*Exercise prompt*
Everything from the line with "Zazidljivo zemljišče Mrkopalj, 2.087m2" down to the line with "Istanbul, Turkey 📍" below must be printed exactly, those two lines included. Exclude pictures.

*Provided data*
╭──

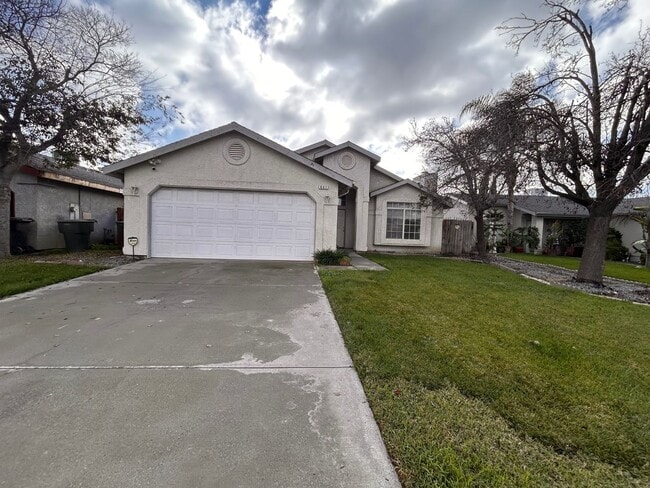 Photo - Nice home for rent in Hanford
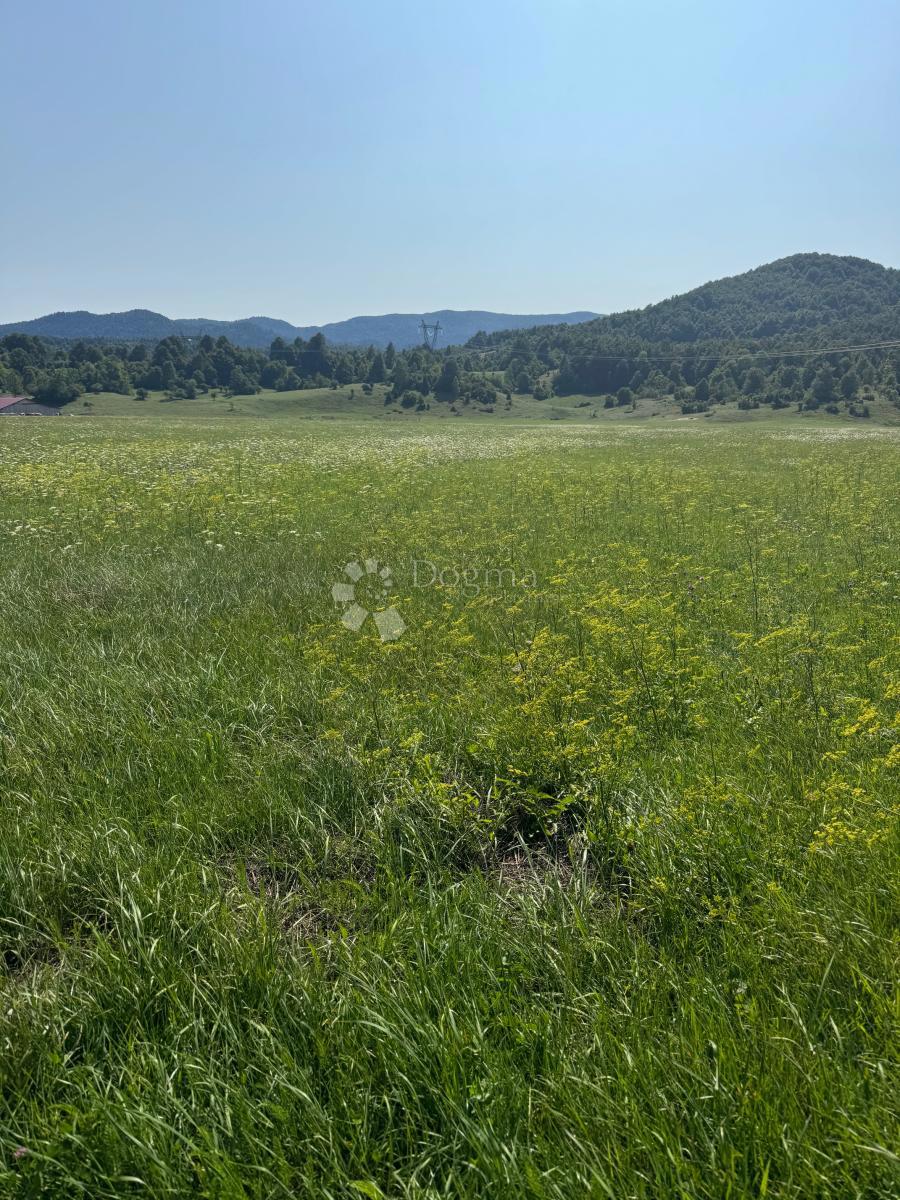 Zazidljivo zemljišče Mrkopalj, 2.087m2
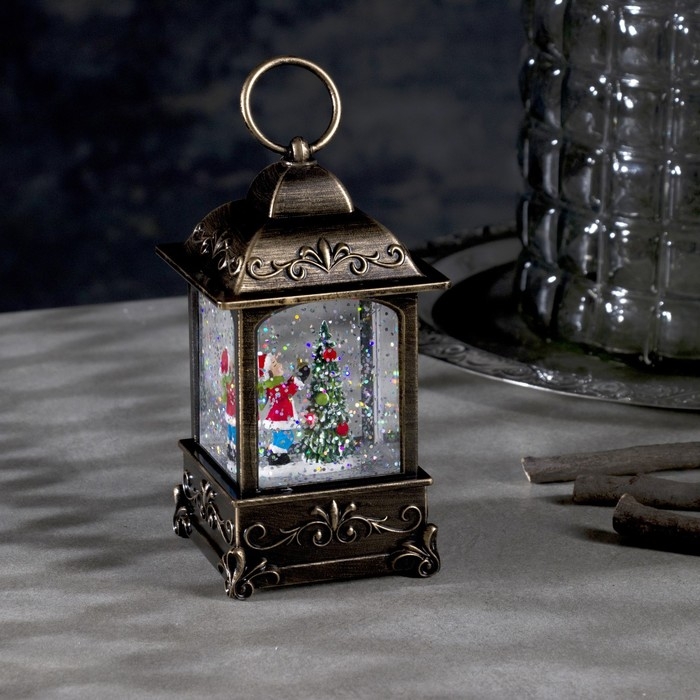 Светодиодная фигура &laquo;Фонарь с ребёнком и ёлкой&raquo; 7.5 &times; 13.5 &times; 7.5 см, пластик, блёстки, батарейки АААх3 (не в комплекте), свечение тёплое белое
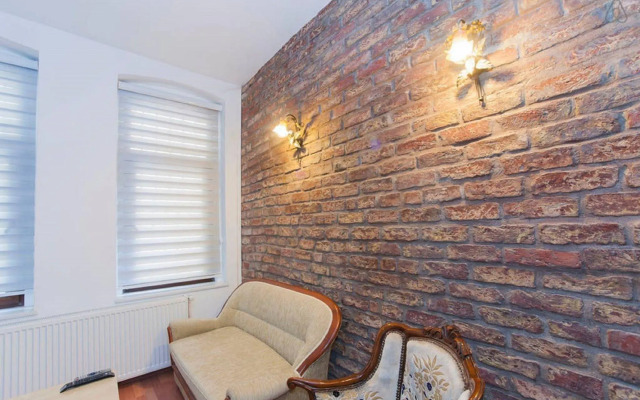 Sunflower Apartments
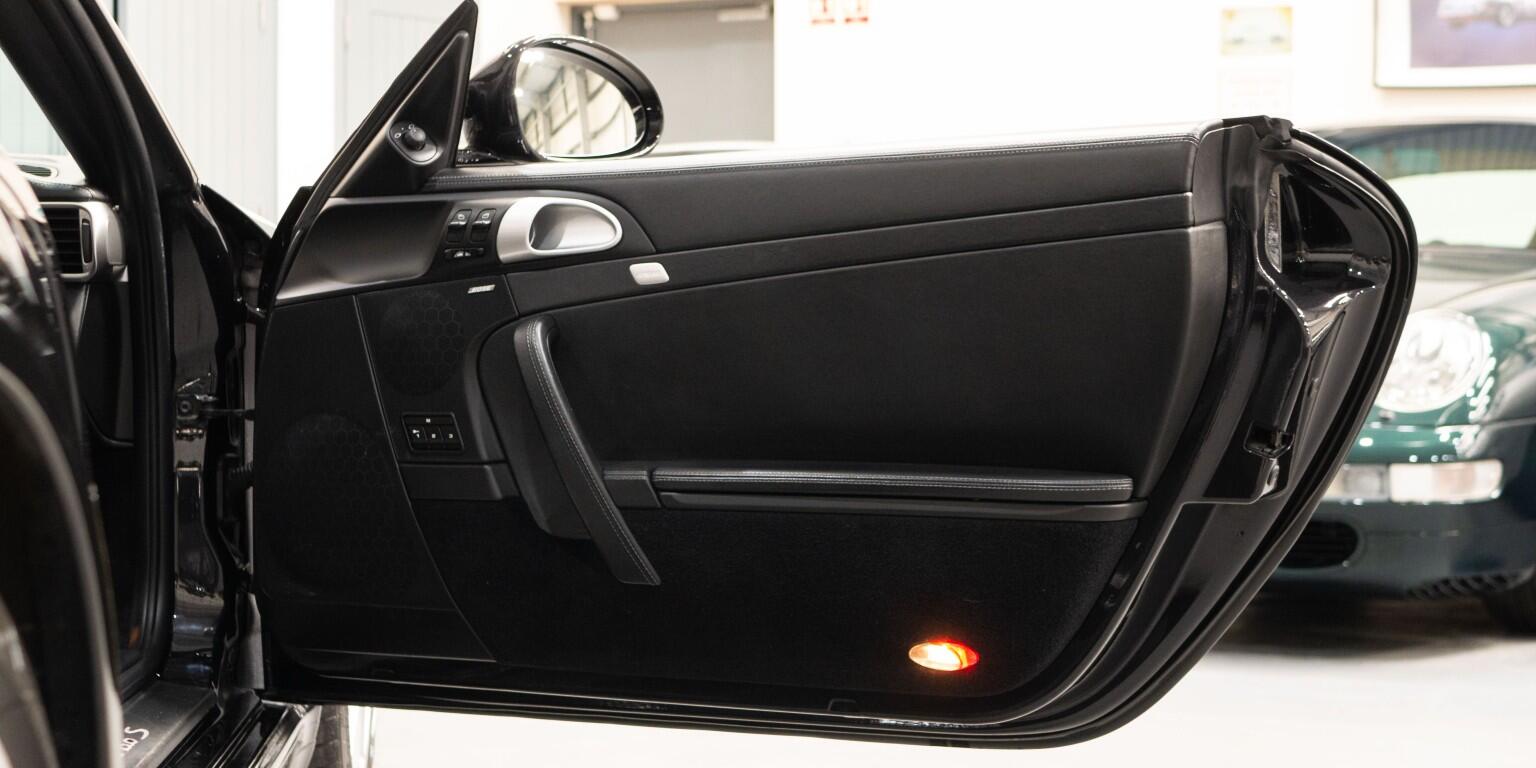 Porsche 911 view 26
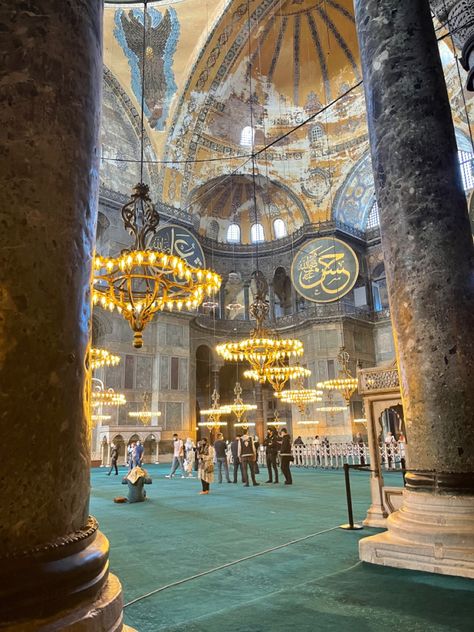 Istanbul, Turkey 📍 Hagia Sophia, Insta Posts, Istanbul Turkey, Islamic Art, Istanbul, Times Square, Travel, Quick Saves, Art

╰──
╭──

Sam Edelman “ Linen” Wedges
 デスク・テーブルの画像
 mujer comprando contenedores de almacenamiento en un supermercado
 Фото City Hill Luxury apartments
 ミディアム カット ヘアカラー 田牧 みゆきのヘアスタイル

╰──

*Expected output*
 Zazidljivo zemljišče Mrkopalj, 2.087m2
 Светодиодная фигура &laquo;Фонарь с ребёнком и ёлкой&raquo; 7.5 &times; 13.5 &times; 7.5 см, пластик, блёстки, батарейки АААх3 (не в комплекте), свечение тёплое белое
 Sunflower Apartments
 Porsche 911 view 26
 Istanbul, Turkey 📍 Hagia Sophia, Insta Posts, Istanbul Turkey, Islamic Art, Istanbul, Times Square, Travel, Quick Saves, Art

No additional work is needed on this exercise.